Şubat 05, 2017 17:36 Europe/Istanbul

Bugün sizlere İslam inkılabı zafere kavuştuğu günlerde CIA Başkanı olan Stansfield Terner ve Amerika’nın İslam inkılabı üzerinde araştırma yapan ünlü sosyologlarından John Furan’ın görüşlerinden söz etmek istiyoruz.

İran İslam inkılabı yabancıların bakışında her zaman çağdaş tarihin bir parçası olmuş ve olmaya da devam ediyor.
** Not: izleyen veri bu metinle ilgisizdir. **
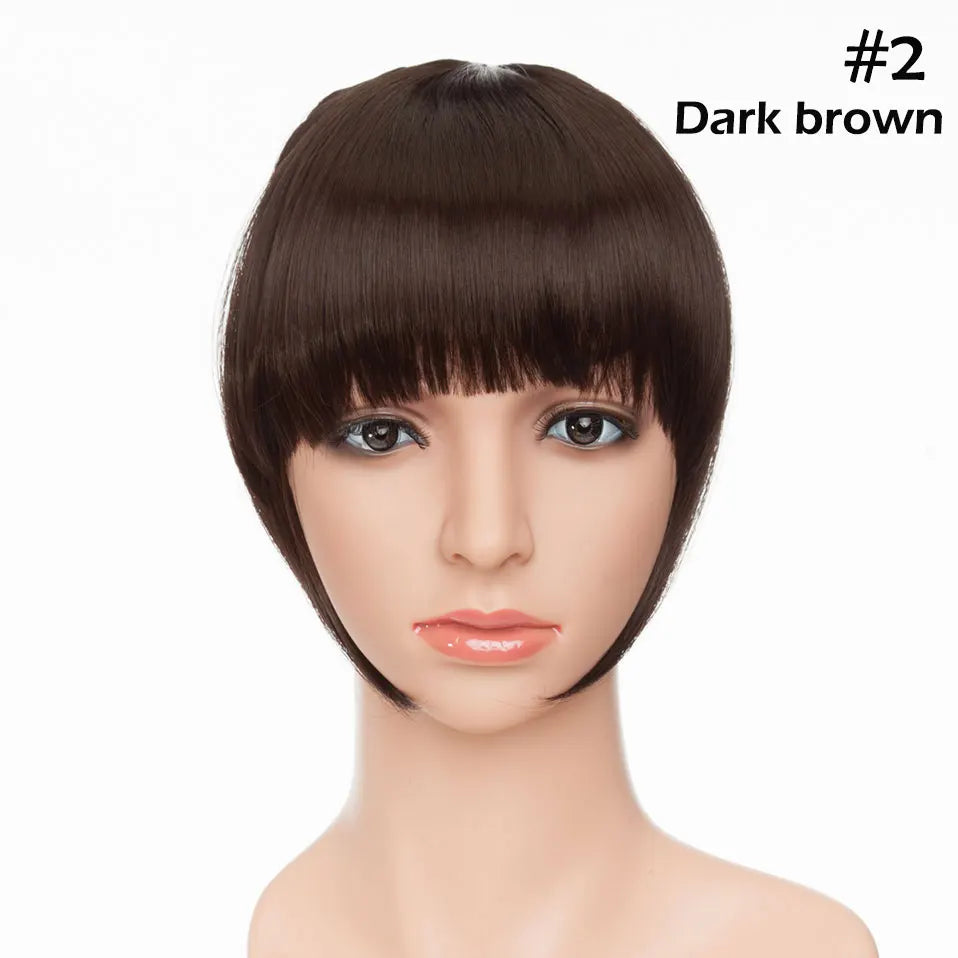 SNOILITE Synthetic Clip In Bangs Hair Extensions Black Brown Blonde Fake Fringe hairpiece 18colors blunt bangs for women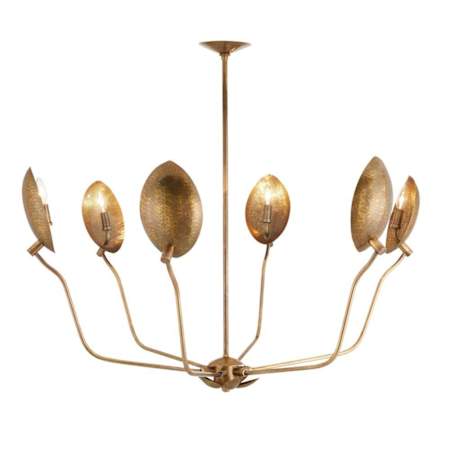 Arteriors Flores 6 Light 46" Wide Chandelier with Hammered Brass Shades Vintage Brass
Bu inkılabın üzerinden zaman geçtikçe de nasıl vuku bulduğu ve bugüne kadar ayakta kaldığının gerekçeleri hakkında meraklar da bir o kadar artıyor.

Stansfield Terner Amerika’nın dönem Başkanı Carter döneminde CIA başkanıydı. Terner, pehlevi rejiminin çöküşünü ve İslam inkılabının zaferini tanımlanamaz bir süreç şeklinde tanımlıyor.

Image Caption

Amerika’nın eski başkanlarından Baba Bush şöyle diyor: ben İran’da İslam inkılabı zafere kavuşması yüzünden görevden alınan CIA’nın dönem Başkanı Terner’e sordum; yani siz dünyada bunca ajanınız ve bunce ileri teknoloji teçhizatınız ve sarf ettiğiniz bunca para ile İran milletinin inkılabını tahmin edemediniz mi? o da bana şöyle cevap verdi: İran’da yaşanan şey “tanımsız” bir olaydır, bizim bilgisayarlarımız onu anlayamıyorlar.

Terner NBC TV kanalına verdiği mülakatta da şu itirafta bulunuyor: bizim tahmin edemediğimiz şey, 78 yaşındaki 14 yıl sürgün hayatı yaşayan bir din adamının bunca etkeni bir araya getirme etkeni olması ve birden fışkıran devasa bir yanardağ ve milli bir devrimle karşılaşmamız oldu.

Aslında Amerikalı ve Avrupalı bir çok sosyolog ve siyasal bilimler uzmanı ve politikacı ve kanaat önderlerinin görüşüne bakıldığında, İran İslam inkılabının Batılı hiç bir insani bilimde mevcut olan tezlerle izah edilemeyen benzersiz özelliklere sahip olduğu anlaşılıyor.

Amerika’nın California üniversetisi sosyoloji hocası John Furan İran İslam inkılabı hakkında bir kaç kitap ve makale yazan bir düşünürdür.

Furan “1977 – 79 inkılabı, sosyal teori üzerine bir mesele” başlıklı eserinde şöyle diyor: 1980’li yılların sosyal tezinin konusu şöyle ki acaba İran inkılabını benzersiz ve başka inkılaplardan farklı olarak mı ele almalı, ya da İran’daki gözlemlere göre inkılapların sebebini yeniden gözden mi geçirmeli? Şeklinde gündeme geliyor.

Furan İran’da İslam inkılabından sonra inkılap tezlerinde ciddi bir soru işareti oluştuğunu ve İran’da yaşanan bu değişimle bu tezlerde de bir devrim yaşandığını vurguluyor.

John Furan, inkılap tezlerinin dördüncü kuşağı ve hatta sosyal bilimler İran’da İslam inkılabının şekillenmesi ve zafere kavuşmasından sonra ortaya çıkmaya başladığını ve bu tezlerde kültür, ideoloji, din ve rehberlik gözetilmesi gerektiğini kayediyor.